[Dataset records]
|---|

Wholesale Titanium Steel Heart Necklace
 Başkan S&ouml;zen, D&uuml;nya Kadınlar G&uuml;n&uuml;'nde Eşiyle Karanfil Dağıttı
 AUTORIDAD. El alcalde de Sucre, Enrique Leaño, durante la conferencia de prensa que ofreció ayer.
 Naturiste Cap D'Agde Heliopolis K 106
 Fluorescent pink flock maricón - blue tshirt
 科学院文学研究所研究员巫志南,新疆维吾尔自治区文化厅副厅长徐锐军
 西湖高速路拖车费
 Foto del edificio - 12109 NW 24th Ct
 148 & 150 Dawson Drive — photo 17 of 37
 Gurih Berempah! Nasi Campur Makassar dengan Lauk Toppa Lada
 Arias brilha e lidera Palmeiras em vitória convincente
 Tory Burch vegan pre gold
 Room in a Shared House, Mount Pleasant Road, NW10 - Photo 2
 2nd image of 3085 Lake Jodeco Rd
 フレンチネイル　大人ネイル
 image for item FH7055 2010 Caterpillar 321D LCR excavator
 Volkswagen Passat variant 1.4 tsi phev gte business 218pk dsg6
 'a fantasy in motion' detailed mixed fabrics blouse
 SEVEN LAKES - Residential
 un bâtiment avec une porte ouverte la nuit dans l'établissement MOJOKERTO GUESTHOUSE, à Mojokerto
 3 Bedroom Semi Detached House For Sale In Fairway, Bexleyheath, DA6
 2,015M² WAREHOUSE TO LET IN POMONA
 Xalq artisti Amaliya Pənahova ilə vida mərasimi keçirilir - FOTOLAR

|---|

◆ Assigned task
Repeat, exactly as they stand, the line that contains "Volkswagen Passat variant" and all the lines after it in the data above.

◆ Exercise response
 Volkswagen Passat variant 1.4 tsi phev gte business 218pk dsg6
 'a fantasy in motion' detailed mixed fabrics blouse
 SEVEN LAKES - Residential
 un bâtiment avec une porte ouverte la nuit dans l'établissement MOJOKERTO GUESTHOUSE, à Mojokerto
 3 Bedroom Semi Detached House For Sale In Fairway, Bexleyheath, DA6
 2,015M² WAREHOUSE TO LET IN POMONA
 Xalq artisti Amaliya Pənahova ilə vida mərasimi keçirilir - FOTOLAR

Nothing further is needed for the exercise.